* DATA PROVIDED
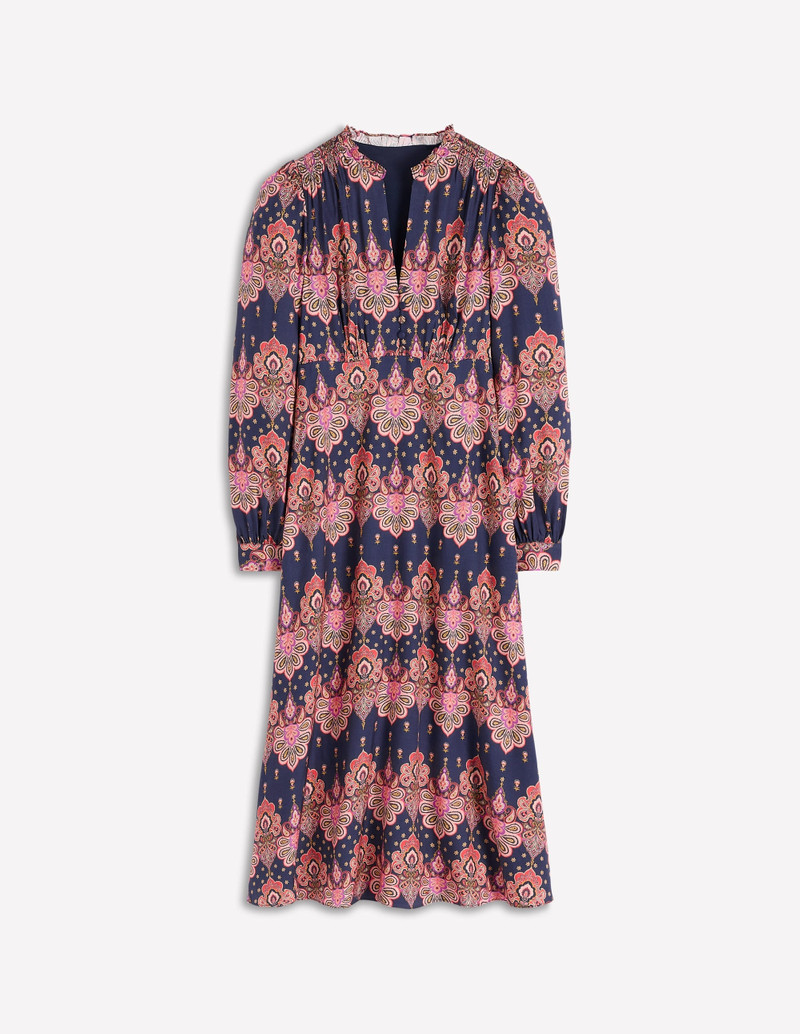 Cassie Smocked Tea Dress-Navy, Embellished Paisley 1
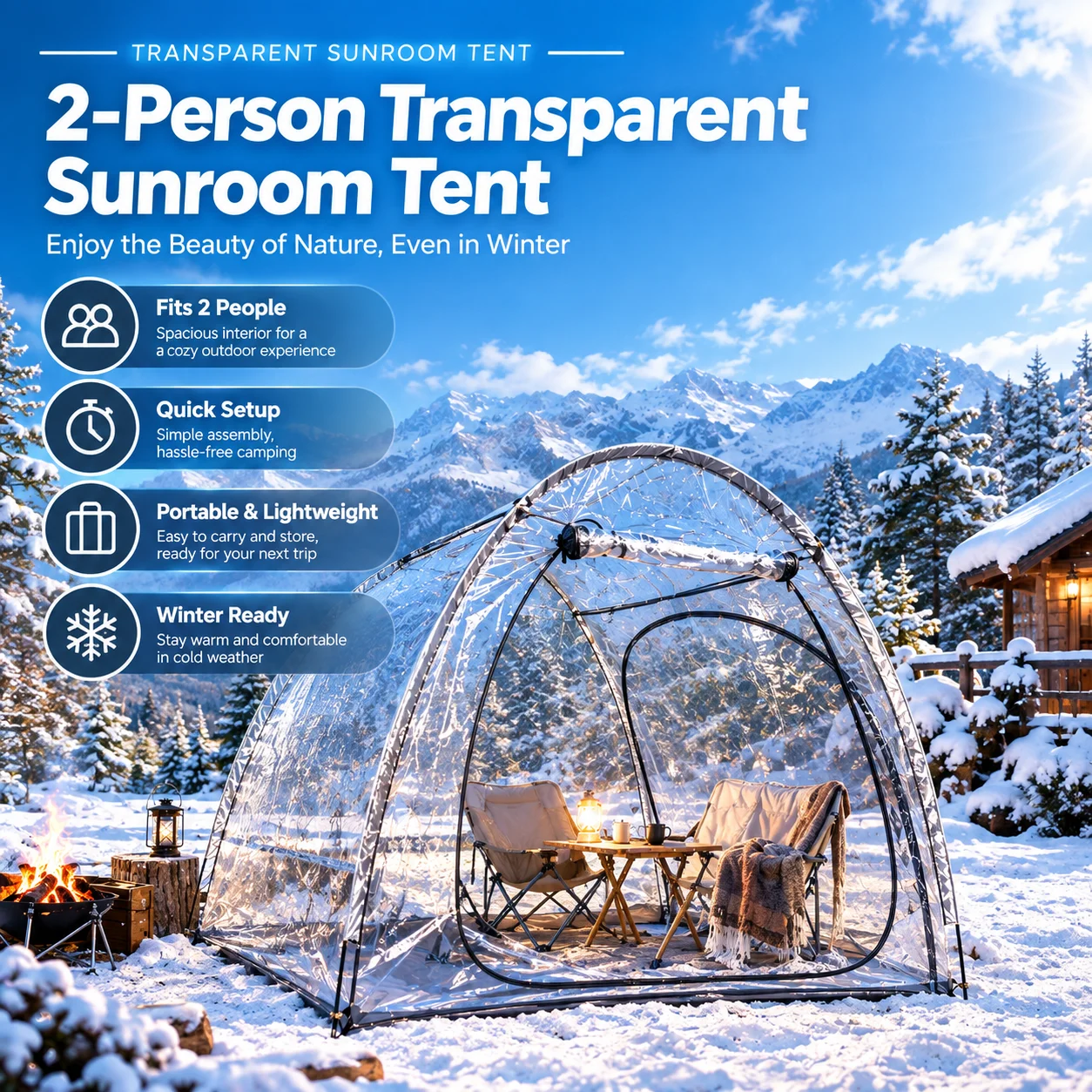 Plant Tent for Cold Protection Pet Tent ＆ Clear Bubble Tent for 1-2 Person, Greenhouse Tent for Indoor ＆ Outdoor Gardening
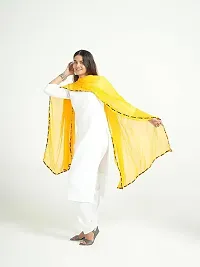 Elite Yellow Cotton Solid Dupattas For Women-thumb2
--
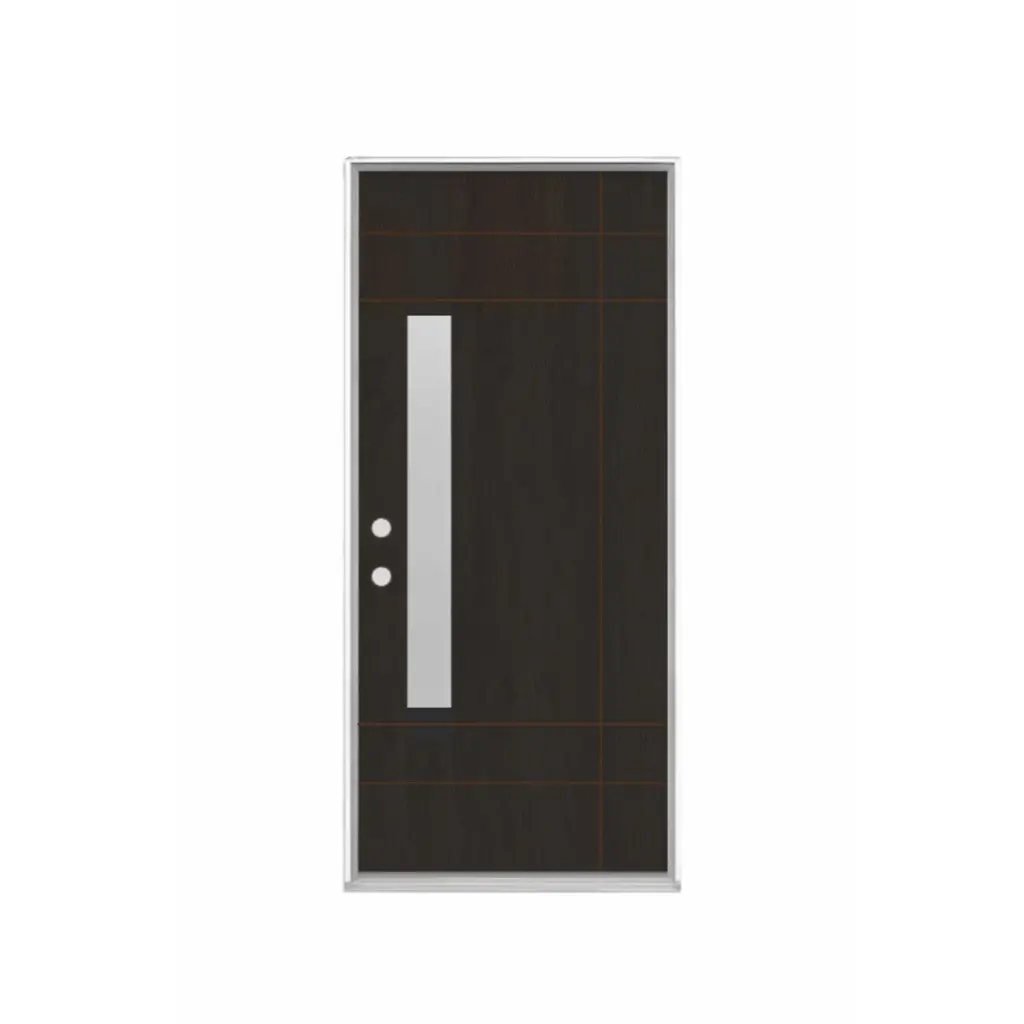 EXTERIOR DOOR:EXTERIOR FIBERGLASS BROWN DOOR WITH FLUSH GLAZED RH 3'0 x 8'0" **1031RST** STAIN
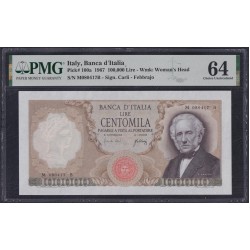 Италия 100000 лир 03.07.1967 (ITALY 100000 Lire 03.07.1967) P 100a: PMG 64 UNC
* * *
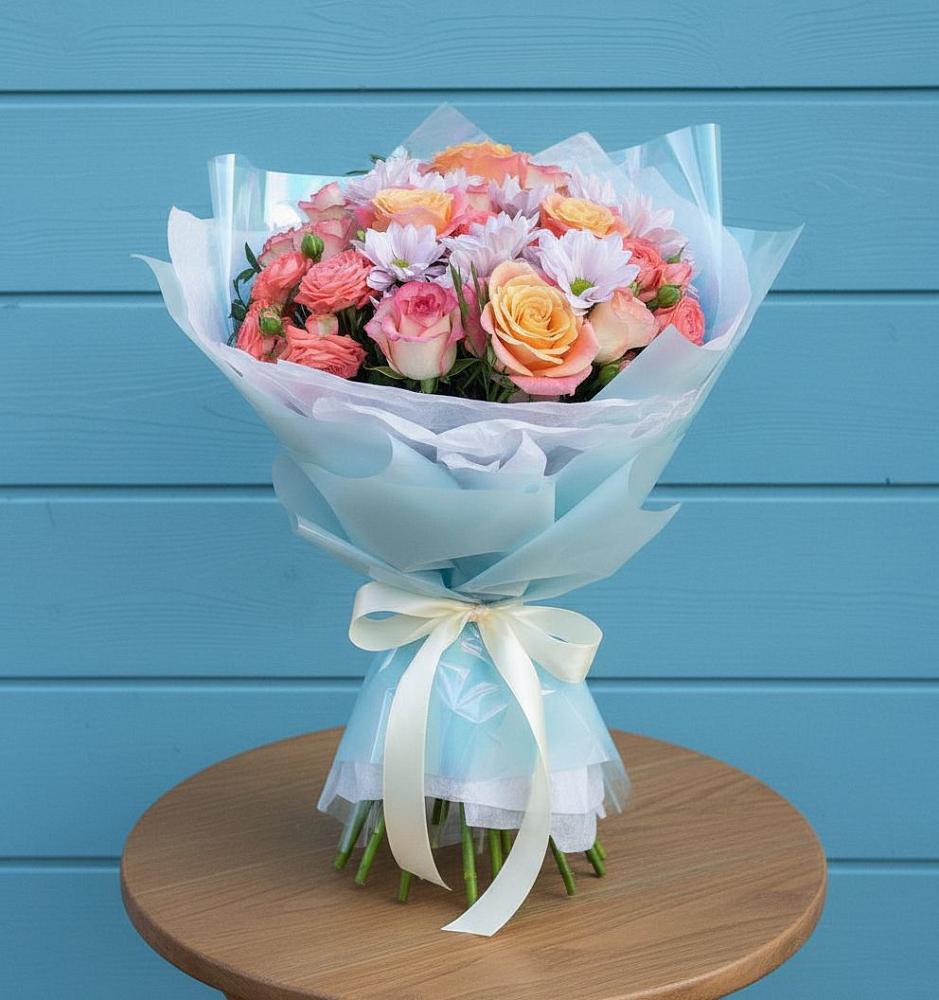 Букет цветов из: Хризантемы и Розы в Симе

* TASK TO CARRY OUT
Once the line with "EXTERIOR DOOR:EXTERIOR FIBERGLASS" has been found above, output that line and every later line exactly, stopping after the line with "Италия 100000 лир", and omit the pictures.

* THE COMPLETED TASK
 EXTERIOR DOOR:EXTERIOR FIBERGLASS BROWN DOOR WITH FLUSH GLAZED RH 3'0 x 8'0" **1031RST** STAIN
 Италия 100000 лир 03.07.1967 (ITALY 100000 Lire 03.07.1967) P 100a: PMG 64 UNC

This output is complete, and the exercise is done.